About this exercise - Pull out the lines from the one containing "10464 State Highway 70, Marysville, CA 95901" through the final line of the listing below and repeat them exactly. Leave the pictures behind.

Data below -

-- -- --

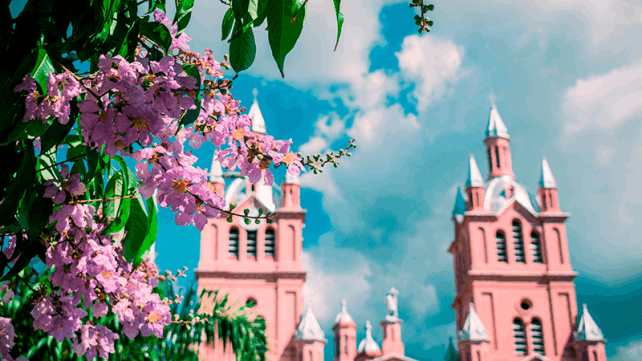 excursion a Buga desde Medellin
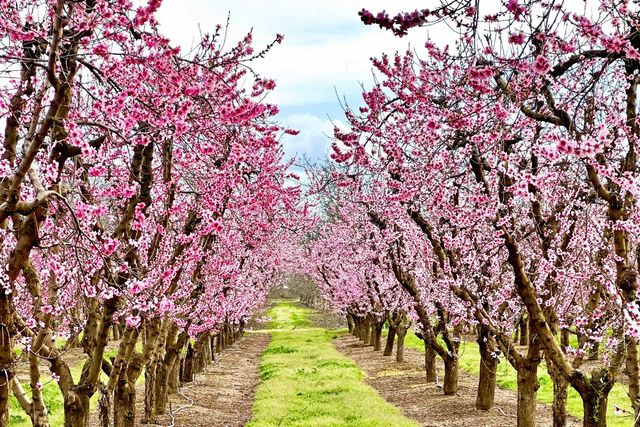 10464 State Highway 70, Marysville, CA 95901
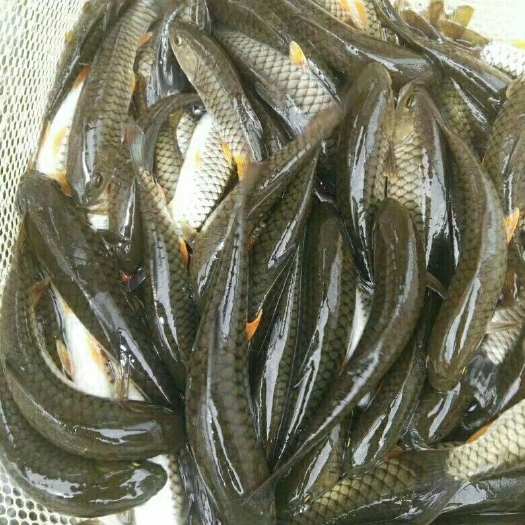 东莞市光倒刺鲃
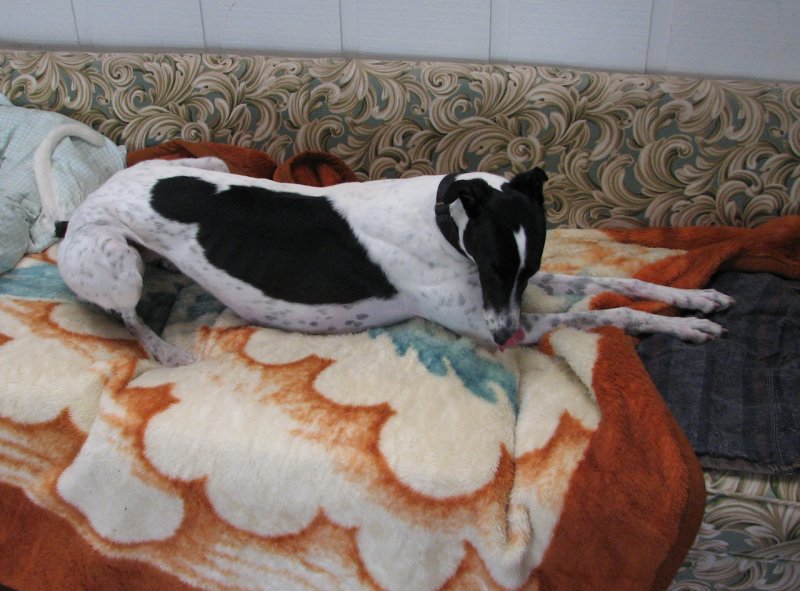 carlowsofa.jpg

-- -- --

Result of the exercise -
 10464 State Highway 70, Marysville, CA 95901
 东莞市光倒刺鲃
 carlowsofa.jpg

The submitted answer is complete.